▶ [The data]:
++++++++++++++++++++

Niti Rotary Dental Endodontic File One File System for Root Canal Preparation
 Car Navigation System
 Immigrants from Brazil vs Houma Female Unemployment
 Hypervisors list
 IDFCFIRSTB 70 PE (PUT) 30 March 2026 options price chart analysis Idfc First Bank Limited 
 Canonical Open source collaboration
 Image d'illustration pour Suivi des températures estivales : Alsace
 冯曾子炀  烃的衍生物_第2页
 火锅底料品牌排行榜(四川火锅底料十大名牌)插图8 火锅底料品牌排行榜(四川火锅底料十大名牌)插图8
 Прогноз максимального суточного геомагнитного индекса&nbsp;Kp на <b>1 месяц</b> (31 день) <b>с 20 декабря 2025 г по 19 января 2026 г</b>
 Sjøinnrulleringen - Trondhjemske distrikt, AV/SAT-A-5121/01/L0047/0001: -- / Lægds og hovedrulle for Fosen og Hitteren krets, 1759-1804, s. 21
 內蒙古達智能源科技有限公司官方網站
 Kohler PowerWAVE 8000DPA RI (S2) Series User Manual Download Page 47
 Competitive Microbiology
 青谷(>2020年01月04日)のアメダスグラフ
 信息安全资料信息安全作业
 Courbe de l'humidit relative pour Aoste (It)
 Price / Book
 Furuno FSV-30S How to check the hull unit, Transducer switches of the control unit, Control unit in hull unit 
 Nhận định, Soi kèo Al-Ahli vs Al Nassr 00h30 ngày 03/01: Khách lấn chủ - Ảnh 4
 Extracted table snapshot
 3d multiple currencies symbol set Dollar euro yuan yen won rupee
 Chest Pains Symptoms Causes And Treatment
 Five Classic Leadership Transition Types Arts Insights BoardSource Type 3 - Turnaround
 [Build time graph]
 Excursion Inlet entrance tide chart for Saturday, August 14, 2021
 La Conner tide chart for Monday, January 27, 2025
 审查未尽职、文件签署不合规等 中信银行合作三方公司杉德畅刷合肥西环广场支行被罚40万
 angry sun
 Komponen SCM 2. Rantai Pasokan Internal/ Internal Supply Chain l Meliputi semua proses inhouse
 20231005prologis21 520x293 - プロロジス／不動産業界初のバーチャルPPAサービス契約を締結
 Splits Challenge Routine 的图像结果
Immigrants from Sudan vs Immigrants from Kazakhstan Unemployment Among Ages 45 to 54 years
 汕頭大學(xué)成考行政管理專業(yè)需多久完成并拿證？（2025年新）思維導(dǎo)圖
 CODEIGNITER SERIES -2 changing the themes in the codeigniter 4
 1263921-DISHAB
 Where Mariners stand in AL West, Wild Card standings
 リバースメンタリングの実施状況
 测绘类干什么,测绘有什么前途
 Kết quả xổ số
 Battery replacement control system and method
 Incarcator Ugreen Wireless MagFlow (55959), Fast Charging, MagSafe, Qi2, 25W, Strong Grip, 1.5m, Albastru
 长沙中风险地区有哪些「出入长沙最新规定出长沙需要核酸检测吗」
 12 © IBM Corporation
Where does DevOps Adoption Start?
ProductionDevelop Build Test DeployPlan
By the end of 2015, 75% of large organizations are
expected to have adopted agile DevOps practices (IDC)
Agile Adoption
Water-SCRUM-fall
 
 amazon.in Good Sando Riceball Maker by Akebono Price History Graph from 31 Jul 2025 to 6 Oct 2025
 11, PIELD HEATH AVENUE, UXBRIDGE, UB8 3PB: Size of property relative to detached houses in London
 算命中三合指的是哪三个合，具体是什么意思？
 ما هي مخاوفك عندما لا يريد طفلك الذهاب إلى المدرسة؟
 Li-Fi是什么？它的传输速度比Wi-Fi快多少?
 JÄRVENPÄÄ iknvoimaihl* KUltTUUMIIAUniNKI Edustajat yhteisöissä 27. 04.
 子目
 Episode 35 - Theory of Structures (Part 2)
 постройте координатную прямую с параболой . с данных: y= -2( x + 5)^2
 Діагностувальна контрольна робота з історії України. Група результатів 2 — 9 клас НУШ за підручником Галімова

++++++++++++++++++++

▶ [Problem requirements]: Every line from the one containing "12 © IBM Corporation" through the last line above should be retyped exactly; no other lines are wanted.

▶ [Response for this exercise]:
 12 © IBM Corporation
Where does DevOps Adoption Start?
ProductionDevelop Build Test DeployPlan
By the end of 2015, 75% of large organizations are
expected to have adopted agile DevOps practices (IDC)
Agile Adoption
Water-SCRUM-fall
 
 amazon.in Good Sando Riceball Maker by Akebono Price History Graph from 31 Jul 2025 to 6 Oct 2025
 11, PIELD HEATH AVENUE, UXBRIDGE, UB8 3PB: Size of property relative to detached houses in London
 算命中三合指的是哪三个合，具体是什么意思？
 ما هي مخاوفك عندما لا يريد طفلك الذهاب إلى المدرسة؟
 Li-Fi是什么？它的传输速度比Wi-Fi快多少?
 JÄRVENPÄÄ iknvoimaihl* KUltTUUMIIAUniNKI Edustajat yhteisöissä 27. 04.
 子目
 Episode 35 - Theory of Structures (Part 2)
 постройте координатную прямую с параболой . с данных: y= -2( x + 5)^2
 Діагностувальна контрольна робота з історії України. Група результатів 2 — 9 клас НУШ за підручником Галімова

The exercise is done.